> [WHAT YOU WILL DO]: Once you have located the line containing "Buggy Whip 6" in the material below, return it exactly along with each line after it through the line containing "VT license plate AQX593".

> [DATA SUPPLIED]:

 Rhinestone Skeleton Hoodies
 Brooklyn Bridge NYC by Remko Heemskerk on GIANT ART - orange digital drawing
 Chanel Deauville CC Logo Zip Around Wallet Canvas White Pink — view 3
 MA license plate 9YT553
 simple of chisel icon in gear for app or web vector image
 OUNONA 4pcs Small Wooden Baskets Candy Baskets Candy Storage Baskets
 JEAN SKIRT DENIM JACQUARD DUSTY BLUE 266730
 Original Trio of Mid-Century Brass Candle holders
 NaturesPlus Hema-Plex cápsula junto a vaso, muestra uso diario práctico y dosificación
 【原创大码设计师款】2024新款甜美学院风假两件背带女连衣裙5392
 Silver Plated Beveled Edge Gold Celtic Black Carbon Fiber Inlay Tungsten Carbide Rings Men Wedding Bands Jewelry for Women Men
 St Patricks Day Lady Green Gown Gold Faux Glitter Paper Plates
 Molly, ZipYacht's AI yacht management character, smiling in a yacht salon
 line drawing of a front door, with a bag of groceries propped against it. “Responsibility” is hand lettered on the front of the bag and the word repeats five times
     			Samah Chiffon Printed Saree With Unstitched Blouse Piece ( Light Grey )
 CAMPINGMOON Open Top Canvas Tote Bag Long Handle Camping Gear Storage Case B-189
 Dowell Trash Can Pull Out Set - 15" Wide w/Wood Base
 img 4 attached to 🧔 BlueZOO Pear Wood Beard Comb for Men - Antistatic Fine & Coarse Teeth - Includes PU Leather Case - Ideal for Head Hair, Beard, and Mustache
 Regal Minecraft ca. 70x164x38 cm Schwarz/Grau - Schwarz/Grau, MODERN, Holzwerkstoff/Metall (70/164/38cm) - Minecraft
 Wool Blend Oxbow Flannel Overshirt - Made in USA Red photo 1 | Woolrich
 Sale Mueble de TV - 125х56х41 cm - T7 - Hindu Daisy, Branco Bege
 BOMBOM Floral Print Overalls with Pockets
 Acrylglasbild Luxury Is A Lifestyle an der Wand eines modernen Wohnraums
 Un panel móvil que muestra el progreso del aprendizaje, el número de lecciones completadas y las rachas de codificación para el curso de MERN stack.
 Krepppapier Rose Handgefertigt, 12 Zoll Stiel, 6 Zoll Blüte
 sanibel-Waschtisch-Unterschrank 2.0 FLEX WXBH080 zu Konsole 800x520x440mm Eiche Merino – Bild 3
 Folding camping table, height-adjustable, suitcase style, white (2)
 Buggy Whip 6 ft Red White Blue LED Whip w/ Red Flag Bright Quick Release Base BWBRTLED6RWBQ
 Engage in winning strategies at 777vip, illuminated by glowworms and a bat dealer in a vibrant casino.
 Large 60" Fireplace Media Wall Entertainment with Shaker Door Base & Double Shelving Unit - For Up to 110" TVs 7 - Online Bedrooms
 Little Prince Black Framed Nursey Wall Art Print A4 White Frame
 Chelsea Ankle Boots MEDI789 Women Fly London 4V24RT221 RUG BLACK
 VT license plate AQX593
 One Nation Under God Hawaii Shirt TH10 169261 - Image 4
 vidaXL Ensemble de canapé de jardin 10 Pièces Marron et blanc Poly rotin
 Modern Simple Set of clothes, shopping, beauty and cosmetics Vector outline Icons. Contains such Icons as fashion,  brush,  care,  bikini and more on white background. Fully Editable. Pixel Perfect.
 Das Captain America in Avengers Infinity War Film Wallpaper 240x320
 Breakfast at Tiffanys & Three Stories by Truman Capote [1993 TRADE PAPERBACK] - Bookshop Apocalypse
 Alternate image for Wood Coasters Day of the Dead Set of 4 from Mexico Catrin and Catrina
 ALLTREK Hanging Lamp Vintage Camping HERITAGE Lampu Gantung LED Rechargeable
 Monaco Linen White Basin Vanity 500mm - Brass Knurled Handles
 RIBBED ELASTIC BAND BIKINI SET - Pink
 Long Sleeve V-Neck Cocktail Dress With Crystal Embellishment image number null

> [RESPONSE AREA]:
 Buggy Whip 6 ft Red White Blue LED Whip w/ Red Flag Bright Quick Release Base BWBRTLED6RWBQ
 Engage in winning strategies at 777vip, illuminated by glowworms and a bat dealer in a vibrant casino.
 Large 60" Fireplace Media Wall Entertainment with Shaker Door Base & Double Shelving Unit - For Up to 110" TVs 7 - Online Bedrooms
 Little Prince Black Framed Nursey Wall Art Print A4 White Frame
 Chelsea Ankle Boots MEDI789 Women Fly London 4V24RT221 RUG BLACK
 VT license plate AQX593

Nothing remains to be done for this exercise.